Data excerpts
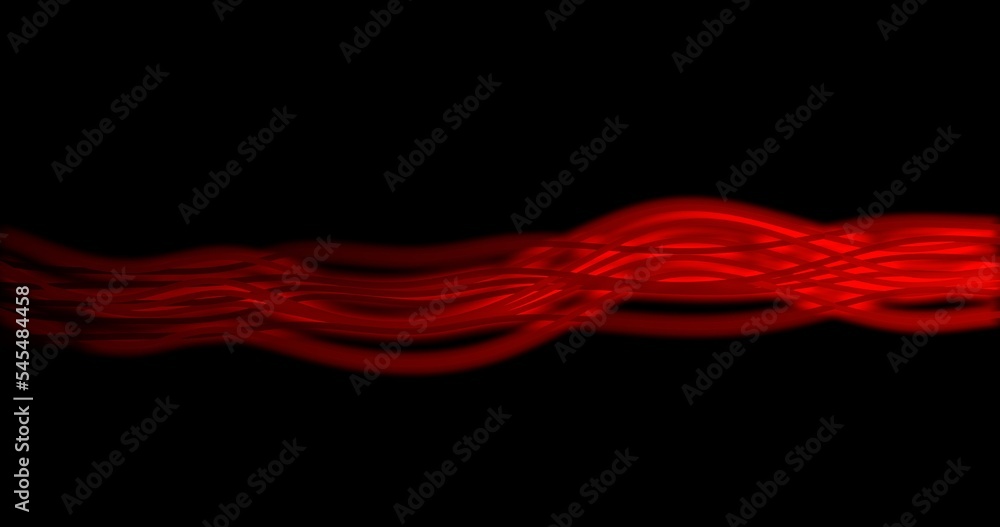 Poster neon red abstract background, horizontal motion lines, illuminated pipes, 3d rendering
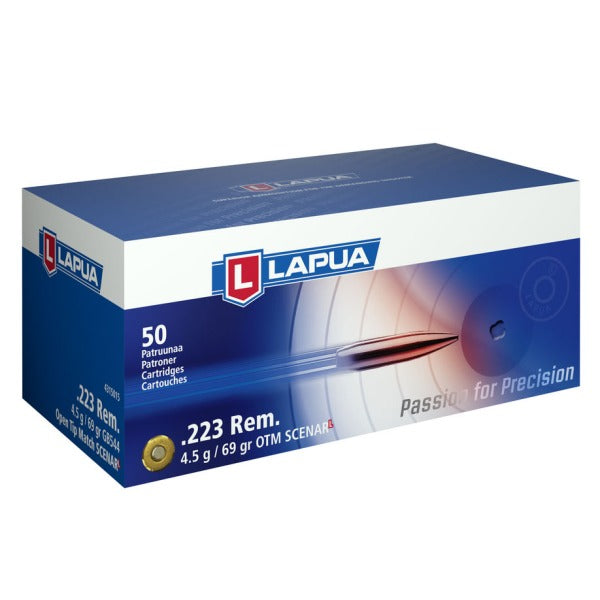 Lapua 223 Remington Ammunition 69 Grain Scenar-L Open Tip Match Box of 50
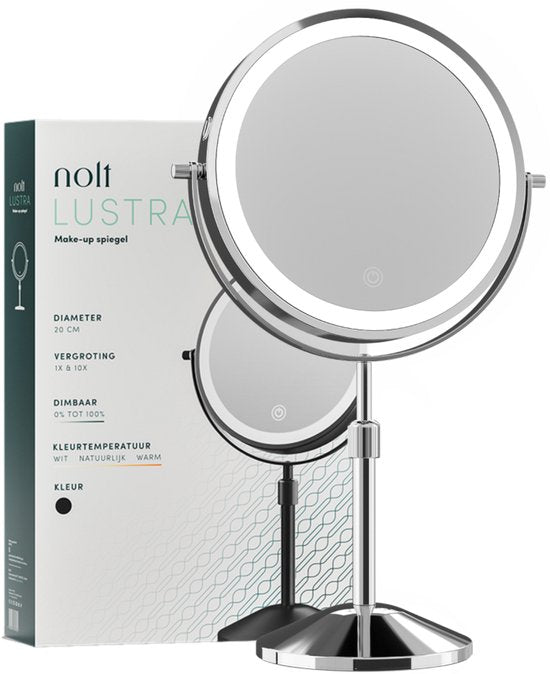 8721161361176 - Make-up-Spiegel mit LED-Beleuchtung - 1X 10X Vergrößerungsspiegel - Rasierspiegel - Eitelkeitsleuchte - 3 Lichtmodi - wiederaufladbar - Silber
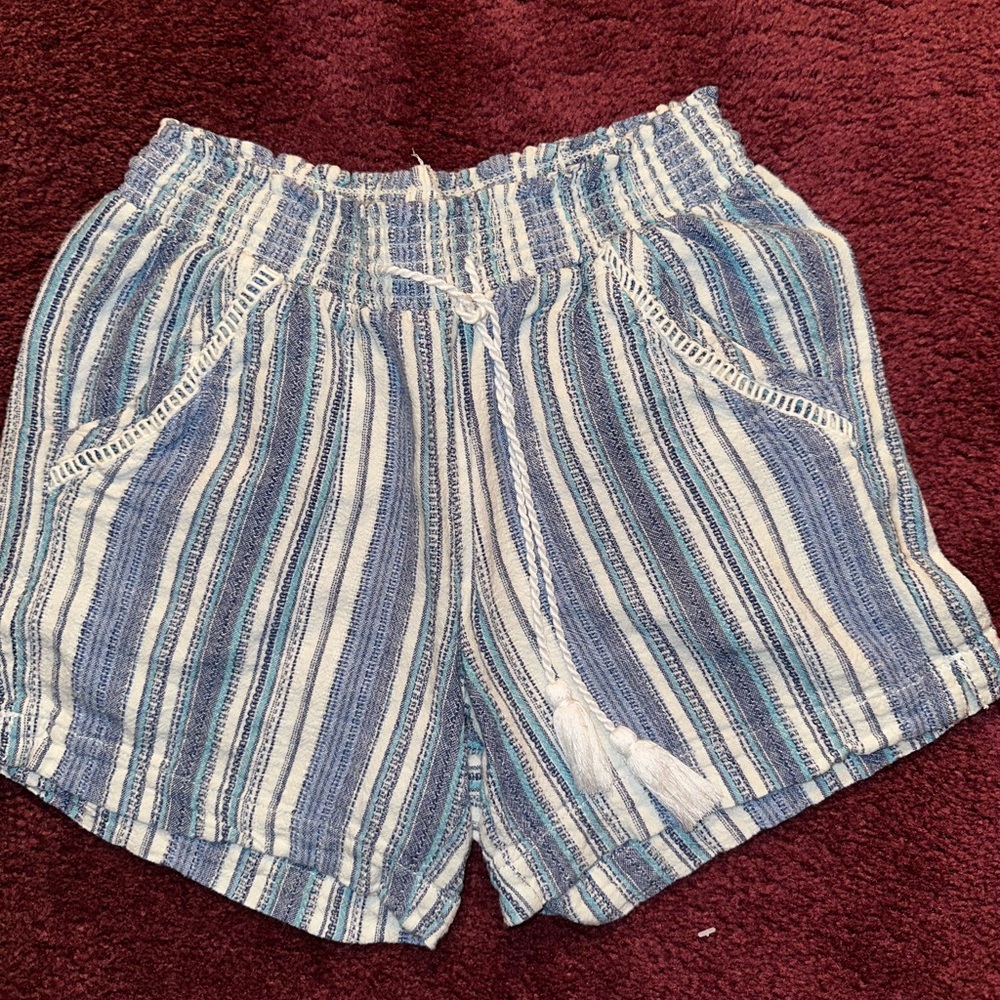 Blue & white Linen Shorts - Briggs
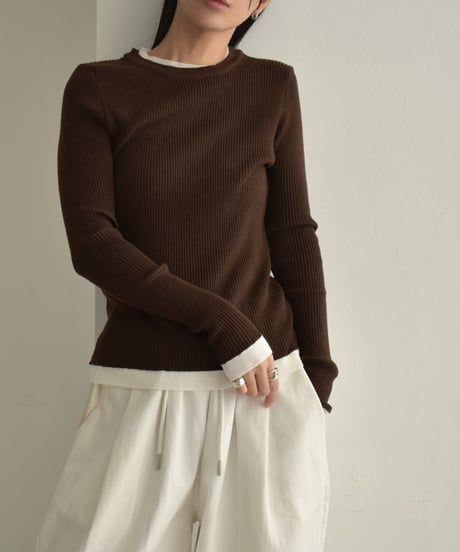 knit-02296　レイヤードライク バイカラーニット トップス　ブラウン　ブラック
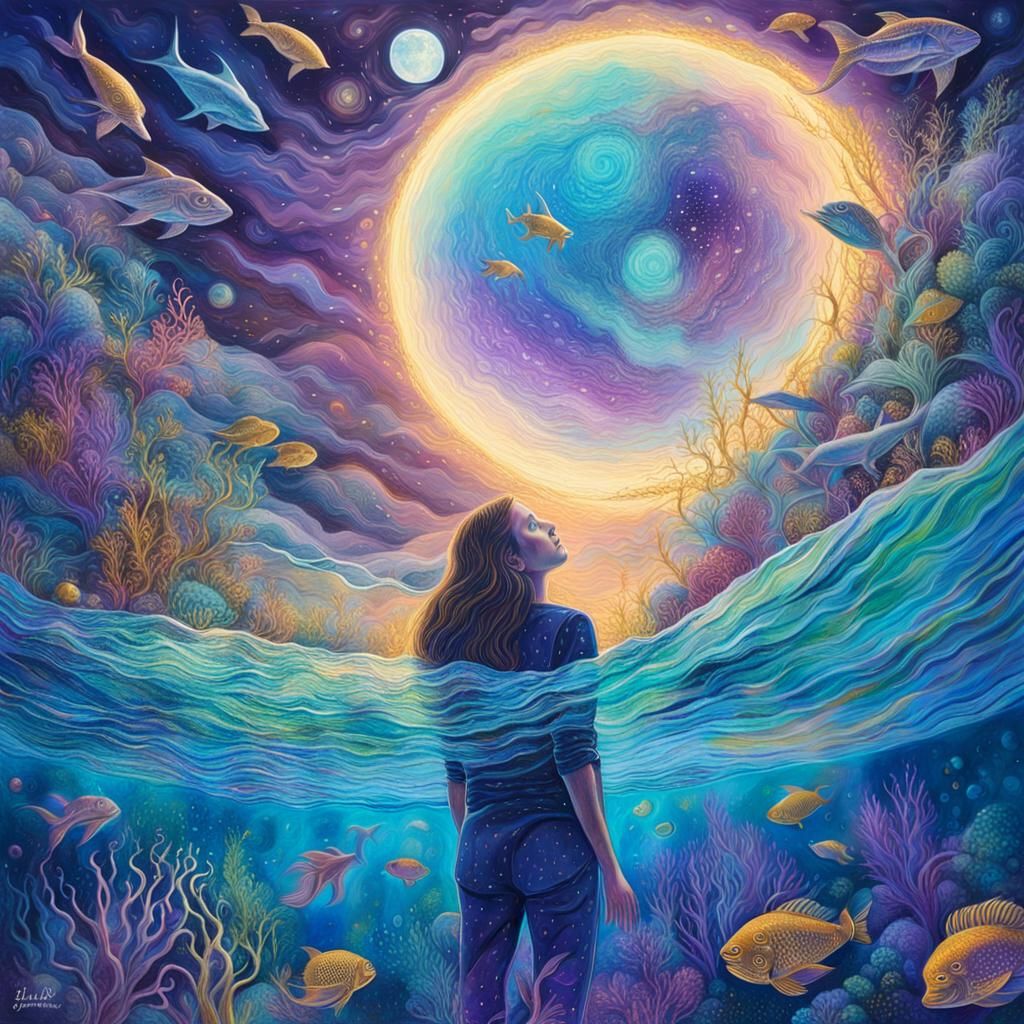 Underwater Moon Gaze: A Cosmic Mixed Media Illustration
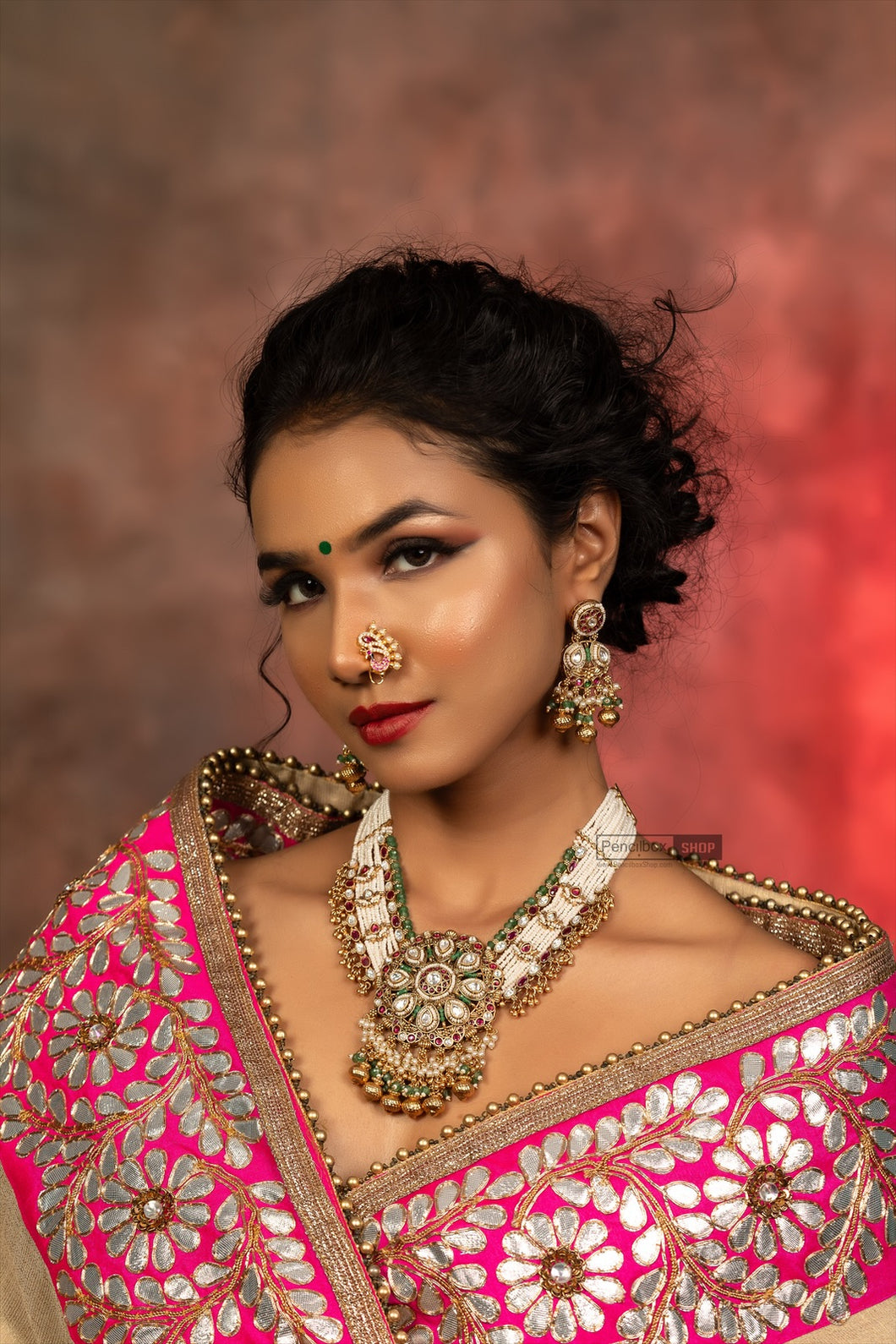 Heritage Rajwadi Green White Pearl Necklace set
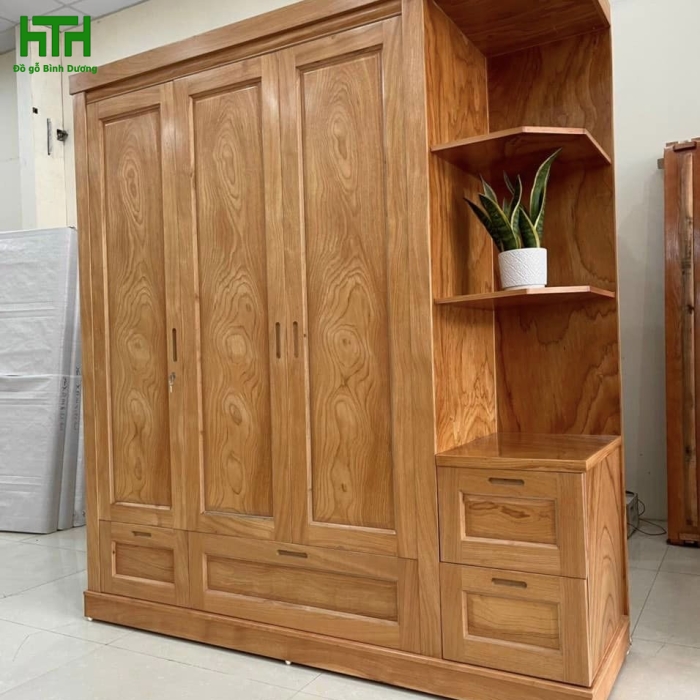 TỦ ÁO GỖ GÕ ĐỎ 3 CÁNH KỆ TRANG TRÍ 2M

▸ **Work to be completed**
Exactly as given, transcribe every line of the data, but not its images.

▸ **Answer area**
 Poster neon red abstract background, horizontal motion lines, illuminated pipes, 3d rendering
 Lapua 223 Remington Ammunition 69 Grain Scenar-L Open Tip Match Box of 50
 8721161361176 - Make-up-Spiegel mit LED-Beleuchtung - 1X 10X Vergrößerungsspiegel - Rasierspiegel - Eitelkeitsleuchte - 3 Lichtmodi - wiederaufladbar - Silber
 Blue & white Linen Shorts - Briggs
 knit-02296　レイヤードライク バイカラーニット トップス　ブラウン　ブラック
 Underwater Moon Gaze: A Cosmic Mixed Media Illustration
 Heritage Rajwadi Green White Pearl Necklace set
 TỦ ÁO GỖ GÕ ĐỎ 3 CÁNH KỆ TRANG TRÍ 2M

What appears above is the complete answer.